Metropolis-Hastings Algorithm

Nicholas Constantine Metropolis

This is a great write up on the nuts and bolts of Metropolis Hastings Algorithm. I like such papers that summarize everything about an algorithm with a sound balance of rigor and simplicity. Nowadays even for a simple statistical analysis, one tends to specifying a BUGS model and run MCMC. With BUGS software, Bayes analysis has become accessible to a whole lot of data analysts. The heart of BUGS is the Gibbs sampling algorithm, which is a special case of Metropolis Hastings Algorithm. A crystal clear paper on the same has been written by George Casella and Edward George. The authors of this paper, Siddhartha Chib and Edward Greenberg say that one of their motives in writing down this article was to publish an Casella+George type paper on MH algorithm that can be read and understood by everyone. In the Gibbs sampling algorithm, one can dumb down many math details and provide a good enough overview. Not so in the case of MH algorithm. Some understanding of math concepts is inevitable. Having said that, the authors do not make “continuous Markov Chains “ understanding, as a prerequisite. In that sense, the article almost starts from scratch and gives a thorough explanation of various flavors of MH Algorithm.

In this post, I will attempt to summarize the paper

Introduction :
Metropolis Hastings Algorithm was developed by Metropolis,Rosenbluth, Teller(1953). It was subsequently generalized by Hastings(1970).MH algo has been used extensively in physics, but it was little known to statisticians until recently. Papers by Muller and Tierney in 1993-1994 were instrumental in exposing the value of this algorithm and stimulating interest among statisticians in its use. This paper gives a tutorial introduction to the algorithm deriving the algo from the first principles.

Acceptance-Rejection Sampling :

The classic simulation techniques generate non-Markov samples. An important method in this class is the A-R method. The basic funda behind this algo is to figure out a blanketing function that dominates the target density function through out is support. The blanketing function is chosen in such a way that simulation from it is easy. The crux of the method is to accept or reject a sample from the blanketing density based on the relative density levels of target and blanketing density. What is the relevance of discussing an IID random variate generation method ? MH algo looks similar to A-R algo. Hence some intuition on how A-R algo works is useful in understanding MH algo.

Markov chain Monte Carlo Simulation:

One of the defining characteristics of continuous time Markov chain is the transition kernel, a conditional density function based on which transitions happen to various states. An important aspect of continuous Markov chains is to determine conditions under which the transition kernel converges to an invariant distribution. So, given any transition kernel, you start with any state and move to various states, the question is, “After a lot of transitions, does the chain has a distribution behind it, based on which it moves to various states?”. MCMC methods turn the theory around. The invariant density and is known and the hunt if for the transition kernel. This hunt is made easy by the reversibility principle that is essentially a condition involving transition densities of moving amongst two states.

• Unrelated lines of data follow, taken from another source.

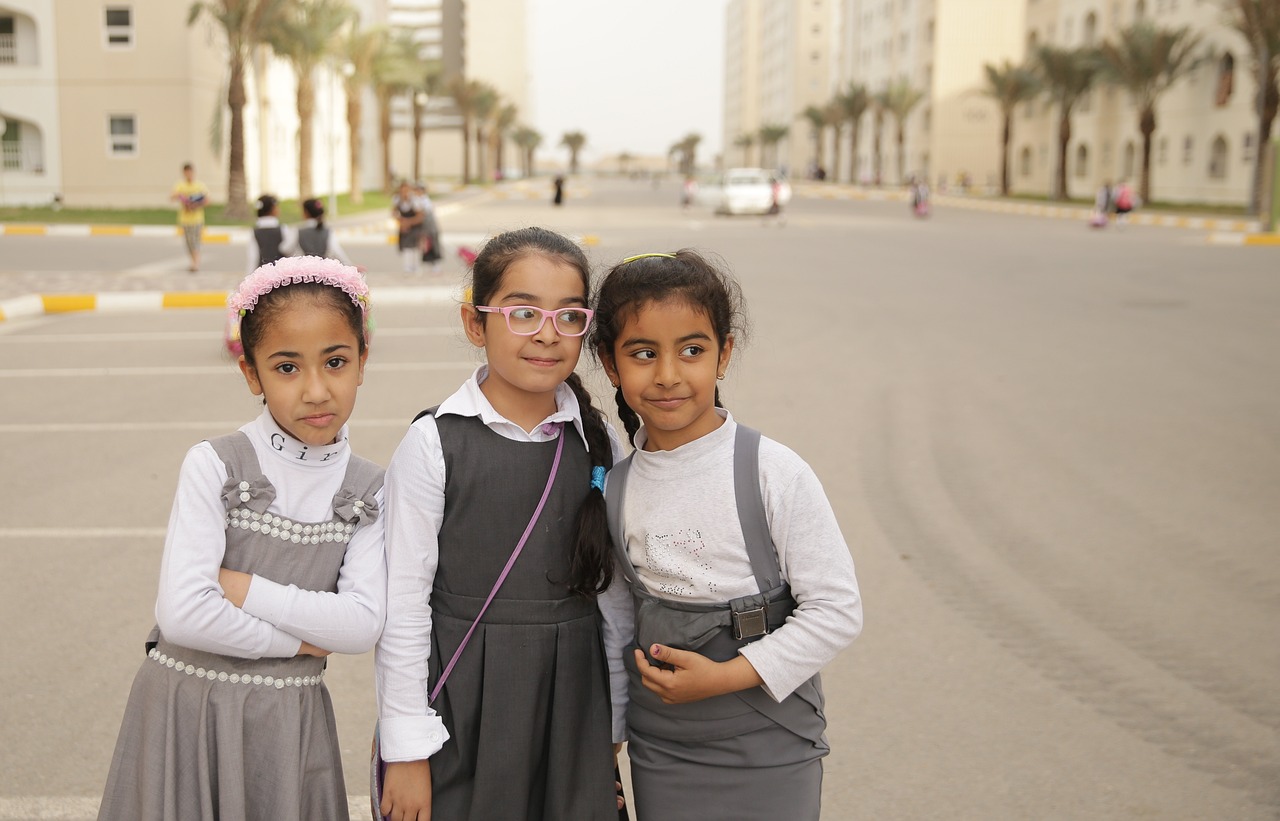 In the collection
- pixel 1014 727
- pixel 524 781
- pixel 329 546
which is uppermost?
pixel 329 546

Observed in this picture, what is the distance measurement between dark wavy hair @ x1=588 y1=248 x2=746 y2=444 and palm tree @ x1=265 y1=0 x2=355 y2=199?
31.0 m

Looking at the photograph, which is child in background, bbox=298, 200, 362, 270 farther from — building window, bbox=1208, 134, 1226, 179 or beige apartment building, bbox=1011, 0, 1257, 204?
building window, bbox=1208, 134, 1226, 179

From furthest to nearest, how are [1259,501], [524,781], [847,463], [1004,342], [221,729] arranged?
1. [1004,342]
2. [847,463]
3. [1259,501]
4. [524,781]
5. [221,729]

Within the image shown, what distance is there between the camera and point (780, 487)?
6.95ft

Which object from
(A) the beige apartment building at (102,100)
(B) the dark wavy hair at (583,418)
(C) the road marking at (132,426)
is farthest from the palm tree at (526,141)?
(B) the dark wavy hair at (583,418)

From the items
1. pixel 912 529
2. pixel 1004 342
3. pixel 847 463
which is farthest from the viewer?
pixel 1004 342

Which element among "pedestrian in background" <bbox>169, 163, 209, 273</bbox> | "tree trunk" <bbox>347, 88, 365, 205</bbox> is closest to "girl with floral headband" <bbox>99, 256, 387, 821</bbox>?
"pedestrian in background" <bbox>169, 163, 209, 273</bbox>

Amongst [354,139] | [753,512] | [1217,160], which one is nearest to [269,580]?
[753,512]

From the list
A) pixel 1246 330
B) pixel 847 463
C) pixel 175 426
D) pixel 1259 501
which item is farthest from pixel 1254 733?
pixel 1246 330

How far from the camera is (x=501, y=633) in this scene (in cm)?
221

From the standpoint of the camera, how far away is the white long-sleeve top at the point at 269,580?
2020 mm

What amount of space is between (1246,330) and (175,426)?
10.2 meters

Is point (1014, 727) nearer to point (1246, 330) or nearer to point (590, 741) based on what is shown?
point (590, 741)

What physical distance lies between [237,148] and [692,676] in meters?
30.0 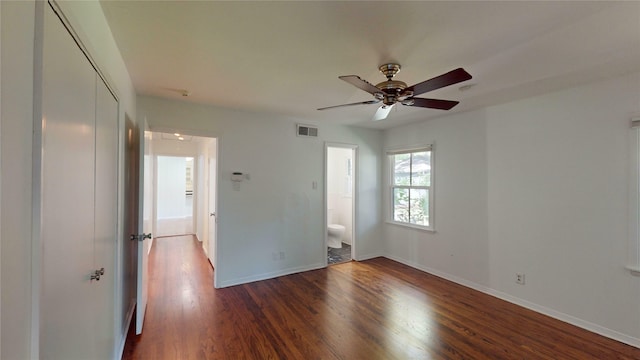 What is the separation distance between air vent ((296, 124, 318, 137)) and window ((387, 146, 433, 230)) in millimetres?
1523

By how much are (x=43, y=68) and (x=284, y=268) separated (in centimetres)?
364

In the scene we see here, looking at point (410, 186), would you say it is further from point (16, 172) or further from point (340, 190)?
point (16, 172)

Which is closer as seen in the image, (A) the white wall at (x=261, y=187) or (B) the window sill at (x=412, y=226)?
(A) the white wall at (x=261, y=187)

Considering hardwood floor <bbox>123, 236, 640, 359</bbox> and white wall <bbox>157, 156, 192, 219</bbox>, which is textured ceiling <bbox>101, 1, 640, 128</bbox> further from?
→ white wall <bbox>157, 156, 192, 219</bbox>

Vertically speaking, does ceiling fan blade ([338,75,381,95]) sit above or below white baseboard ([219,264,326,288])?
above

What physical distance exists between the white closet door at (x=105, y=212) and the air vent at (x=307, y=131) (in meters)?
2.51

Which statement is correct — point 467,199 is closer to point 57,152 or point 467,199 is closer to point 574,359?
point 574,359

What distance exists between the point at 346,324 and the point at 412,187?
104 inches

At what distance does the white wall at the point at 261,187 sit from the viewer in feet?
11.5

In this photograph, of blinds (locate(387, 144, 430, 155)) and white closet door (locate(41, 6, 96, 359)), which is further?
blinds (locate(387, 144, 430, 155))

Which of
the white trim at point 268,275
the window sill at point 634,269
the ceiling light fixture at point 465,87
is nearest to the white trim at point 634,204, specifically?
the window sill at point 634,269

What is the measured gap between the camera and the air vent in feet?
13.6

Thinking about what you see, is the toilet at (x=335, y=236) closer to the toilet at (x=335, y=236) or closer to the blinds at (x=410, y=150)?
the toilet at (x=335, y=236)

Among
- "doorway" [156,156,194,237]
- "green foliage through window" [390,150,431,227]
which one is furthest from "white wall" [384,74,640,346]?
"doorway" [156,156,194,237] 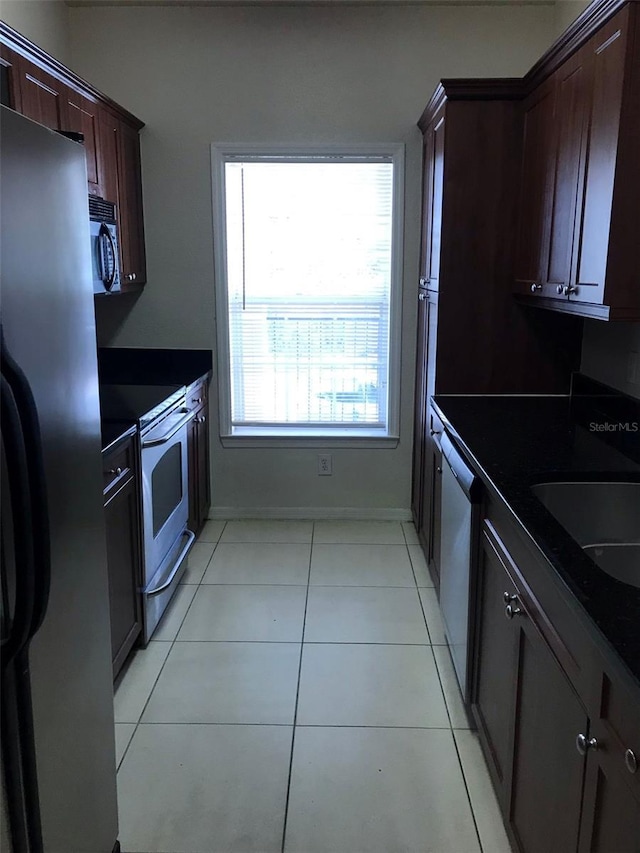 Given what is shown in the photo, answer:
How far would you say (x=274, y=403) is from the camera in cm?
396

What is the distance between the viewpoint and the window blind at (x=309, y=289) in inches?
144

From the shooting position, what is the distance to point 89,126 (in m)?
2.91

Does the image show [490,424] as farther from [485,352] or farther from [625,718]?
[625,718]

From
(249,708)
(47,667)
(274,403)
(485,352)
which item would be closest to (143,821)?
(249,708)

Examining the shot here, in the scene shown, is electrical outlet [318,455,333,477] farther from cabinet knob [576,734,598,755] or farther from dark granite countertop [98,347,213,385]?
cabinet knob [576,734,598,755]

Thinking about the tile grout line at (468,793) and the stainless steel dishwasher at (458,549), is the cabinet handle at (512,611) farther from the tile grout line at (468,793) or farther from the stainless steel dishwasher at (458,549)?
the tile grout line at (468,793)

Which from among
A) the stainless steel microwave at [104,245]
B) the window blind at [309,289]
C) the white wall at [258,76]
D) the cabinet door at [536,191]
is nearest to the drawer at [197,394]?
the window blind at [309,289]

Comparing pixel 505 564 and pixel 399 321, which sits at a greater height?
pixel 399 321

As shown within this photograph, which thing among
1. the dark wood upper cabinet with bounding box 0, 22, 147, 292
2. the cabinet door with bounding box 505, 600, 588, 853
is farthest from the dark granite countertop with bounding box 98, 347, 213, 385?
the cabinet door with bounding box 505, 600, 588, 853

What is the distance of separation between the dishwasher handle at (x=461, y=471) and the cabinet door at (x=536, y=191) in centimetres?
65

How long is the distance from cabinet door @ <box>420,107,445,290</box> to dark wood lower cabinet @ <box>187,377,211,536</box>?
1.28m

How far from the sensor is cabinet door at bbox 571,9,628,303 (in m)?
1.88

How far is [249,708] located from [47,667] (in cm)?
116

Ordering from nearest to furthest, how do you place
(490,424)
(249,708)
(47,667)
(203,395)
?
1. (47,667)
2. (249,708)
3. (490,424)
4. (203,395) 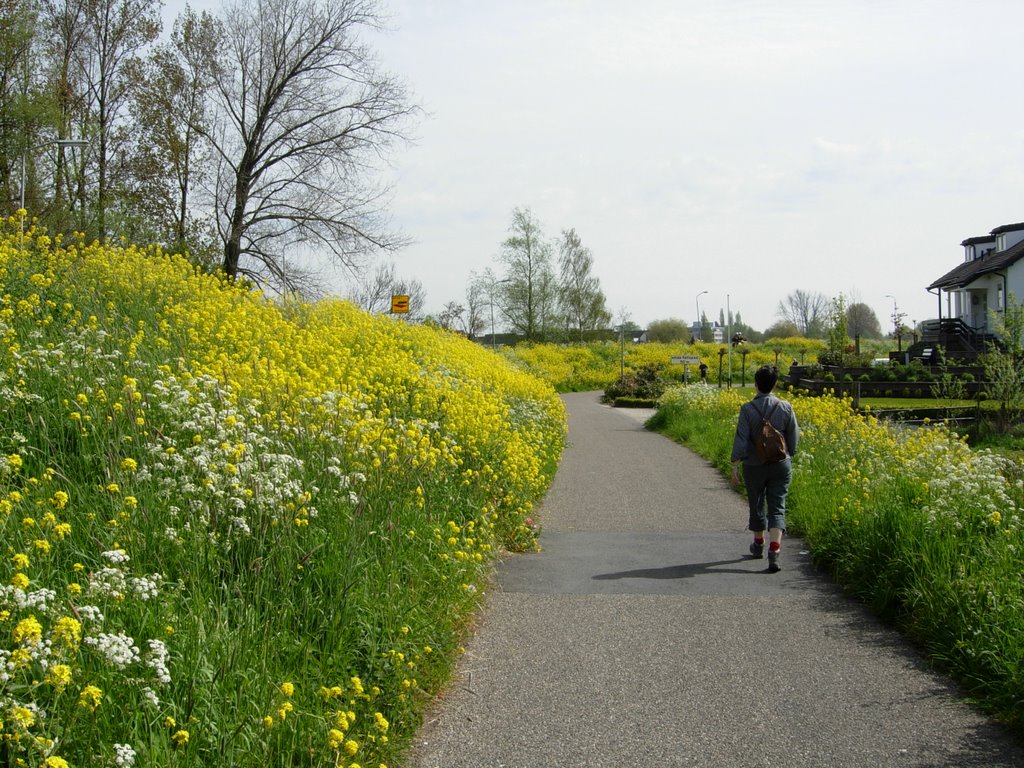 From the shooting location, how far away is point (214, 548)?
15.3ft

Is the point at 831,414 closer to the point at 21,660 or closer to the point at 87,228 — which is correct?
the point at 21,660

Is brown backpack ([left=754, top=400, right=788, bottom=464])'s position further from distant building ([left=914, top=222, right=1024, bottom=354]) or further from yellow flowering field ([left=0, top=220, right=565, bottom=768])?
distant building ([left=914, top=222, right=1024, bottom=354])

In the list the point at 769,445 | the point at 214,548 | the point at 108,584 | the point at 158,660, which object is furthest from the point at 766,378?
the point at 158,660

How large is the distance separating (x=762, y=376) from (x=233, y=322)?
5143 mm

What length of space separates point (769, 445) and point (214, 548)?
527 centimetres

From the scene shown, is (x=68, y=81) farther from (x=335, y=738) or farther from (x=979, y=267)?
(x=979, y=267)

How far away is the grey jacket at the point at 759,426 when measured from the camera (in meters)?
8.53

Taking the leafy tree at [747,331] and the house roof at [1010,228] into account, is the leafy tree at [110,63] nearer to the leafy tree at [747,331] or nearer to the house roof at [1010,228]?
the house roof at [1010,228]

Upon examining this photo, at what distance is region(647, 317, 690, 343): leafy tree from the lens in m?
87.9

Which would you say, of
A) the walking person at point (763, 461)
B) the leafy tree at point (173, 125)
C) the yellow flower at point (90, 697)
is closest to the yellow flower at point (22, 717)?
the yellow flower at point (90, 697)

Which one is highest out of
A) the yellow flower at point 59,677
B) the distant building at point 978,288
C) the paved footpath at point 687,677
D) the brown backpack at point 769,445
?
the distant building at point 978,288

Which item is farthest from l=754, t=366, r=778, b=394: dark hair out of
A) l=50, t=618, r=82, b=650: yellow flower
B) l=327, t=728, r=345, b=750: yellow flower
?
l=50, t=618, r=82, b=650: yellow flower

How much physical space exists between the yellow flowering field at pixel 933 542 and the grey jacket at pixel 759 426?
82 centimetres

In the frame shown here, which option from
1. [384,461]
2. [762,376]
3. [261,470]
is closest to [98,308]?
[384,461] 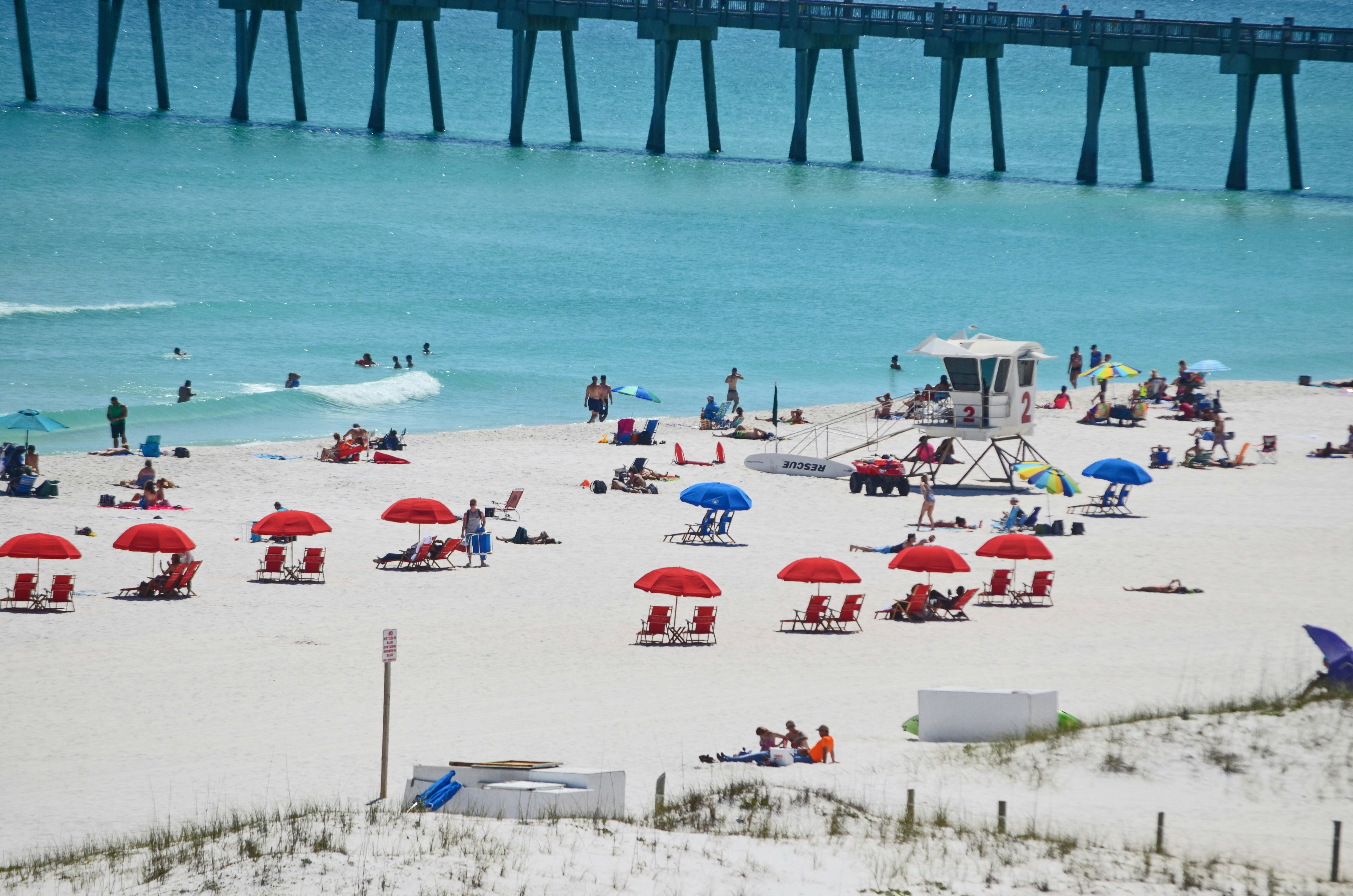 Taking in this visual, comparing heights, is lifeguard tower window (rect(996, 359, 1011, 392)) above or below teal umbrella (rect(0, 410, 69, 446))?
above

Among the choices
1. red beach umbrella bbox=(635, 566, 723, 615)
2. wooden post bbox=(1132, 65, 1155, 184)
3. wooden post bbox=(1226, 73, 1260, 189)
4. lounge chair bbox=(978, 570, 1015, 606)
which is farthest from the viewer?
wooden post bbox=(1132, 65, 1155, 184)

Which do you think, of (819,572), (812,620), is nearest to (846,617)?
(812,620)

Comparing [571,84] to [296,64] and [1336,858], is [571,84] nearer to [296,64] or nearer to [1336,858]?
[296,64]

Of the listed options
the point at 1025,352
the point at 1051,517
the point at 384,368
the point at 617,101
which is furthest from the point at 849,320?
the point at 617,101

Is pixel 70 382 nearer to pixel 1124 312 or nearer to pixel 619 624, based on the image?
pixel 619 624

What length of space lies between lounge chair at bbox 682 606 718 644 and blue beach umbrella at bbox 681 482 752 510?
398cm

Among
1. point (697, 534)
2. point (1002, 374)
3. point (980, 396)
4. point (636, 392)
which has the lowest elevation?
point (697, 534)

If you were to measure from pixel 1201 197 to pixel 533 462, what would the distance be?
57045 mm

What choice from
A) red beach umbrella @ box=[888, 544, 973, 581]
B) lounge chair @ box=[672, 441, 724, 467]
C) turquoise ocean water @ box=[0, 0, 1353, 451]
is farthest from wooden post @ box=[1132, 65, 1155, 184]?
red beach umbrella @ box=[888, 544, 973, 581]

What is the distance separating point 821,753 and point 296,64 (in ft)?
220

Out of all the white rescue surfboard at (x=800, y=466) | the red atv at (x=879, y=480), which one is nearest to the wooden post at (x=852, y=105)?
the white rescue surfboard at (x=800, y=466)

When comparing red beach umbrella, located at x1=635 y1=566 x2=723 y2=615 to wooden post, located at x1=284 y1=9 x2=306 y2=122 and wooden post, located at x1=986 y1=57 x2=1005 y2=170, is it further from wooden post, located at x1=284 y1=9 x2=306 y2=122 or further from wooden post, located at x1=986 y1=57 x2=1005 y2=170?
wooden post, located at x1=284 y1=9 x2=306 y2=122

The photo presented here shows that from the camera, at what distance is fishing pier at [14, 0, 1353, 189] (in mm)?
63031

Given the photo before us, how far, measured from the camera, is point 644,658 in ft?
47.1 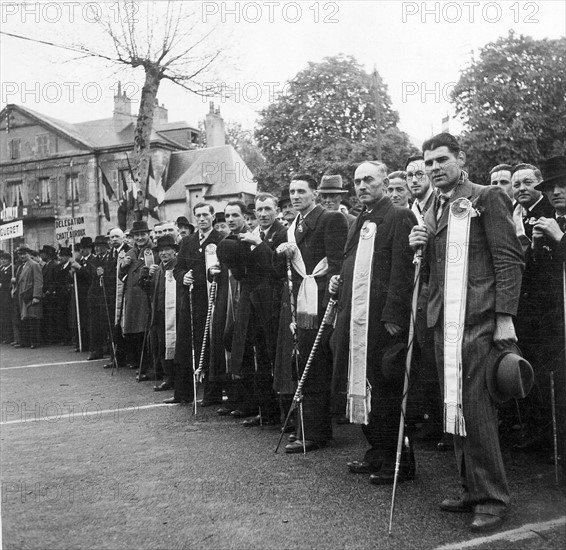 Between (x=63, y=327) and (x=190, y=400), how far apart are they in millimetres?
8657

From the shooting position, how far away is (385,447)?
15.7 ft

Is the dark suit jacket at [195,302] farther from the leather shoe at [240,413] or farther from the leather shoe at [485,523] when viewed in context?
the leather shoe at [485,523]

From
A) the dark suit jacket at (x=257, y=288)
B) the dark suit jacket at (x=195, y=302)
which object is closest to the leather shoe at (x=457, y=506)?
the dark suit jacket at (x=257, y=288)

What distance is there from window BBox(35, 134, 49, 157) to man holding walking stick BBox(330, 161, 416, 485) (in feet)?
147

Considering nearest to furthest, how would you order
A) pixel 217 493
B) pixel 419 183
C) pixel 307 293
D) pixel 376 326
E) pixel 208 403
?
pixel 217 493 → pixel 376 326 → pixel 307 293 → pixel 419 183 → pixel 208 403

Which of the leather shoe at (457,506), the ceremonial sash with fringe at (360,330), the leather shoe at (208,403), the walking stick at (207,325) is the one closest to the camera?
the leather shoe at (457,506)

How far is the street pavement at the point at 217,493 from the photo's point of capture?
12.2 feet

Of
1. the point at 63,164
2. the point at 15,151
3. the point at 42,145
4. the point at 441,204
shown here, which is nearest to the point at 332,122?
the point at 441,204

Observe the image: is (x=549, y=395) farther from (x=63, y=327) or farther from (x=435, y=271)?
(x=63, y=327)

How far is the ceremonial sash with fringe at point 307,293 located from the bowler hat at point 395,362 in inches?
50.8

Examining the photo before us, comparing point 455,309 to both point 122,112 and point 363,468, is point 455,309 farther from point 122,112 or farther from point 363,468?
point 122,112

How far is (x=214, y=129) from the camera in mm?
49906

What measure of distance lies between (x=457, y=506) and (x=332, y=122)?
21.0 m

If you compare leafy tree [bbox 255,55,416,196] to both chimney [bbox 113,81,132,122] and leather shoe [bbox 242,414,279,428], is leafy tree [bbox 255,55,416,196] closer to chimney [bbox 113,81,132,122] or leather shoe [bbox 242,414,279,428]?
leather shoe [bbox 242,414,279,428] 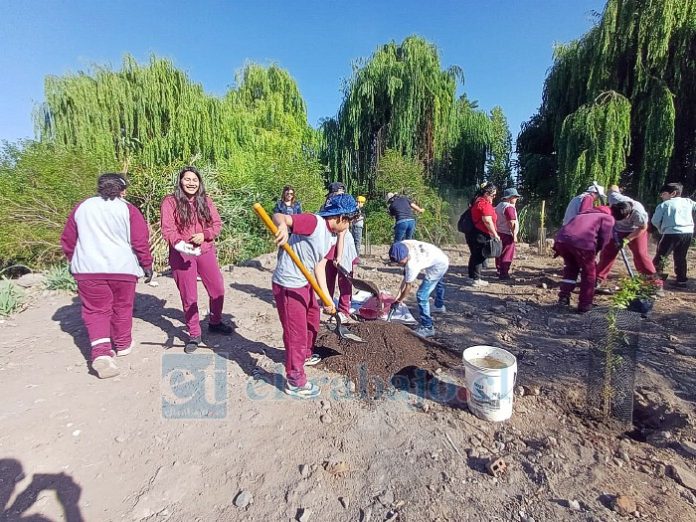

If one can find a transition kernel whose transition density obeys reversibility then we can be certain of obtaining the target distribution.

The Metropolis Hastings algorithm:
MH algo precisely does that and gives a transition density function, that satisfied the reversibility condition. The various steps of the algo are derived and at each step, the intuition is given by referencing the step to a pertinent step of the Accept-Reject algo. As in any MCMC method, the draws are regarded as a sample from the target density only after the chain has passed the transient stage and the effect of the fixed starting value has become so small that it can be ignored. The convergence of the invariant distribution occurs under the conditions of irreducibility and aperiodicity. The rate of convergence of MCMC to a target distribution is an ongoing research topic

Implementation Issues : Choice of q(x,y):
Implementing MH algorithm requires selecting a suitable candidate generating density. There can be five choices for the candidate density functions

Random walk MH
Independence chain MH
Exploiting the form of candidate density function form
Pseudo-dominating density
Autoregressive chains

The scale or spread of the candidate generating density is a critical question. The spread of the candidate generating density affects the behavior of the chain in at least two dimensions : one is the acceptance rate and the other is the region of the sample space that is covered by the chain. There are two applications of MH algo that are mentioned in the paper, one involving the Accept Reject method and other using block-at-a-time scans. In fact Gibbs sampling algorithm is a special case of Block-at-a-time algorithms. The paper ends with few simulation that give further insight in to the methods that have been mentioned in the paper.

I think this paper needs to be read at least a couple of times to grasp the multitude of paths that have been explored by various scientists and practitioners. One thing is for certain, this paper will be my goto paper to refresh concepts relating to MH algo.